Floodable zones have become a considerable socio-economic issue at the local level of the Mekong Delta, which is ecologically, economically and socially important, thus many studies have been conducted over the years using Earth Observation data specially to characterize the rice crop. The majority of these studies have focused on delineating the distribution of rice crops using either optical satellite imagery (passive sensors) [
5,
6] or radar satellite images (active sensors) [
7,
8,
9]. Active or passive sensors used for flood risk applications cover a very wide range of the electromagnetic spectrum, and information from these spectral ranges or their combination contributes significantly to forecasting and risk management. Unlike passive sensors (optical), which are severely affected by cloud cover, an obstacle to environmental studies in tropical and equatorial areas, satellite-based Synthetic Aperture Radar (SAR) can penetrate clouds. Thus, SAR is an interesting source of information for flood monitoring and soil moisture studies.
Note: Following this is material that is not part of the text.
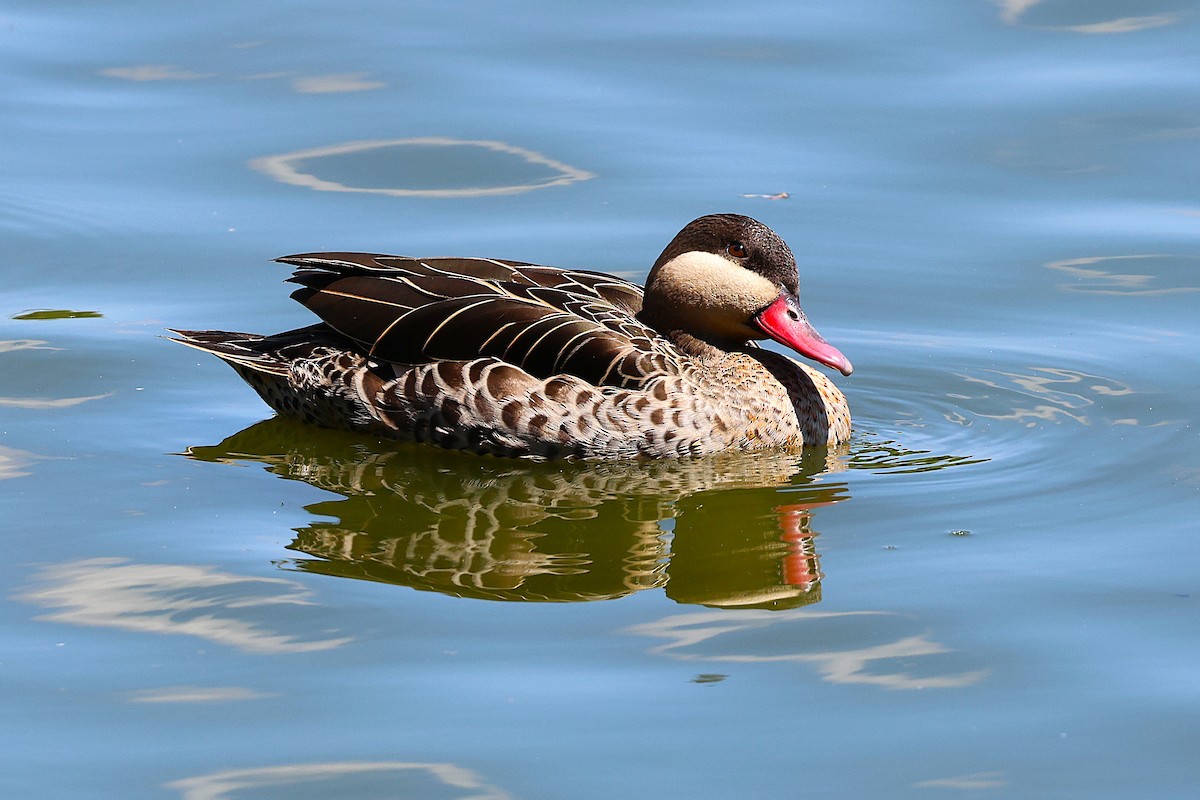 Red-billed Duck - ML647130261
SAR (post-2000), ALOS (L-band, Japan, 2006), TerraSAR-X (X-band, Germany, 2007), RADARRSAT-2 (C-band, Canada, 2007), COSMO-SkyMed and Sentinel-1 (C-band, European Union, 2014) offer new avenues of research, including high spatial resolution (metric resolution) and coherent polarimetric data, in flood management and sustainable development. With a higher temporal resolution than previous SAR instruments, Sentinel-1 is able to monitor the seasonal cycle of water cover every six days. These latest advances in SAR data acquisition have enabled the development of near real-time and automated flood mapping [
10,
11,
12]. Indeed, the possibility of fully automated services for surface water [
12] has been investigated and several works have focused on the mapping of the extension of flooded areas and the application of automatic methods using satellite images [
13,
14,
15,
16,
17]. However, at the present time, Sentinel-1 C-band images for flood mapping have not yet been used in an exhaustive manner.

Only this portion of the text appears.